What was this non-state territory? The Constitution was notably close-lipped, discussing the matter only in a single sentence. It granted Congress the power “to dispose of and make all needful Rules and Regulations respecting the Territory or other Property belonging to the United States.” Thus the founding document, which went into extravagant detail about amendments, elections, and the division of power, left wide open the question of how much of the land was to be governed.
Territorial policy was set, instead, by a series of laws, most famously the Jefferson-inspired Northwest Ordinance of 1787, which covered a large part of the present-day Midwest (similar laws covered other regions). The Northwest Ordinance has become part of the national mythology, celebrated in textbooks for its remarkable offer of statehood on “an equal footing with the original States in all respects whatever.” The territories merely had to cross a series of population thresholds: five thousand free men, and they could have a legislature; sixty thousand free inhabitants (or sooner, if Congress allowed), and they could be states.
But the operative word was could. None of this was automatic, for Congress retained the power to advance or impede territories, both of which it did. Sometimes it denied, ignored, or deflected statehood petitions. That is why Lincoln, West Dakota, Deseret, Cimarron, and Montezuma—all of which sought admission to the union—did not become states.
Moreover, Congress’s discretionary authority meant that until territories became states, the federal government held absolute power over them. Initially, territories were to be ruled by an appointed governor and three judges. Even after they gained legislatures, the governor retained the power to veto bills and dissolve the legislature.
“In effect,” wrote James Monroe, who drafted the ordinance, it was “a colonial government similar to that which prevail’d in these States previous to the revolution.” Jefferson conceded that the first stage resembled a “despotic oligarchy.”
That was an apt characterization. The first governor of the Northwest Territory, Arthur St. Clair, a conservative Scotsman who’d been Washington’s aide-de-camp, had little patience for the rambunctious frontier. He saw himself as a “poor devil banished to another planet.” The territory, in his eyes, was a “dependent colony,” inhabited not by “citizens of the United States” but by its “subjects” (“white Indians” is how one of the territorial judges described them). Feeling the territorial inhabitants too “ignorant” and “ill qualified” to govern themselves, St. Clair used his wide discretionary powers to impede the formation of states.

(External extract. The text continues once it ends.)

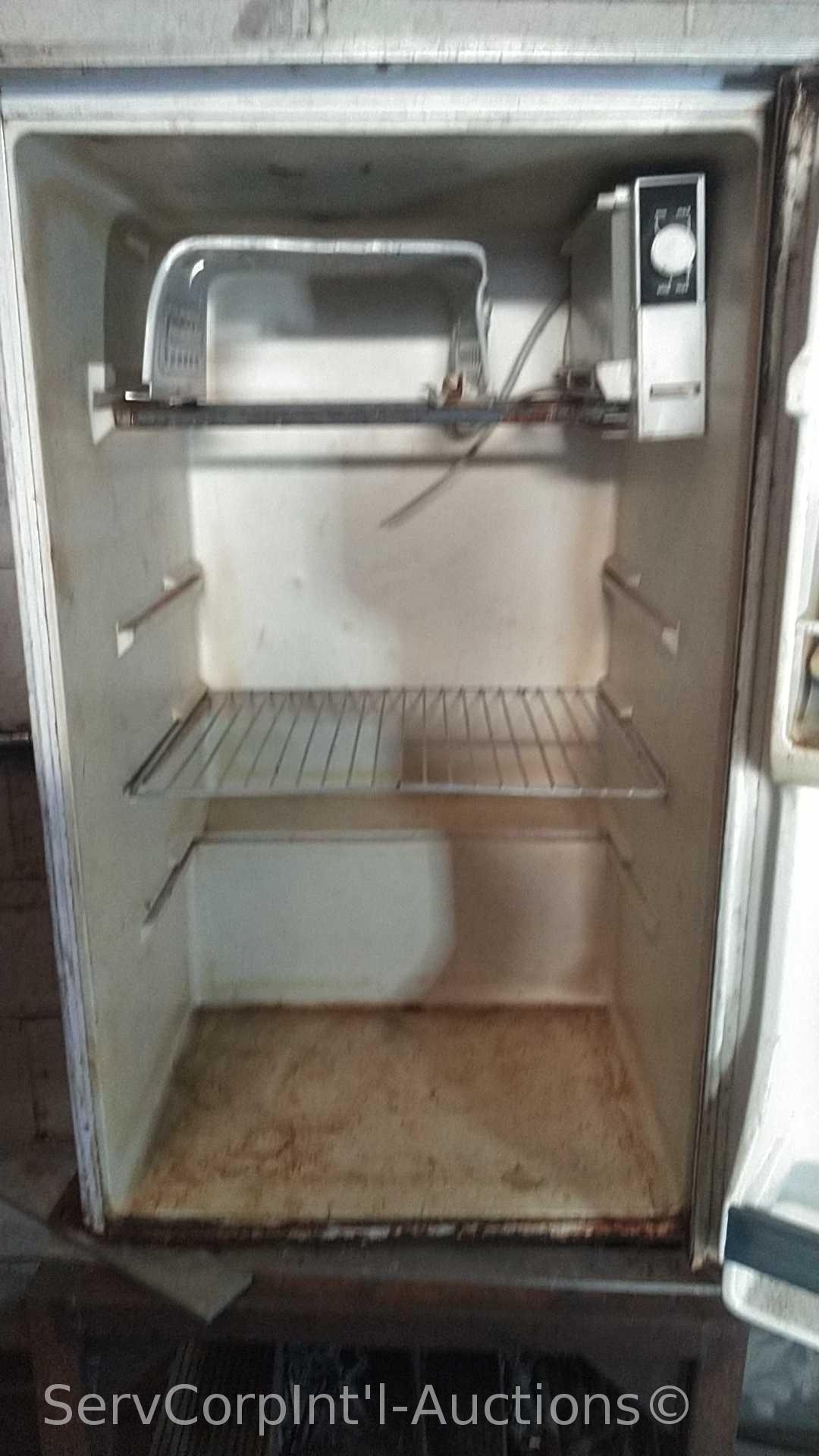 Lot of Homemade Table with Excellence Dorm Fridge, Various Homemade Welder Tools, Welder Square,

The same pattern held in Louisiana Territory, the land Jefferson acquired in 1803 from France. Eastern politicians fretted about the newly annexed land’s inhabitants: Anglo settlers, Catholics, free blacks, Indians, and mixed-race folk. “This Constitution never was, and never can be, strained to lap over all the wilderness of the West,” warned Representative Josiah Quincy, the future president of Harvard.
Jefferson understood the sentiment. The people of Louisiana were as “incapable of self-government as children,” he judged, adding that the “principles of popular Government are utterly beyond their comprehension.” Rather than putting Louisiana through the normal Northwest Ordinance procedures, Jefferson added a new initial phase, military government, and sent the U.S. Army to keep the peace. By 1806, the Territory of Louisiana hosted the largest contingent of the army in the country.
Jefferson’s appointed governor to Louisiana Territory, like Arthur St. Clair, griped about the “mental darkness” of Louisiana’s inhabitants. Allowing them to vote, he believed, “would be a dangerous experiment.”
Louisianians protested their disenfranchisement. “Do political axioms on the Atlantic become problems when transferred to the shores of the Mississippi?” they asked on a trip to the capital. Jefferson shrugged his shoulders and did nothing.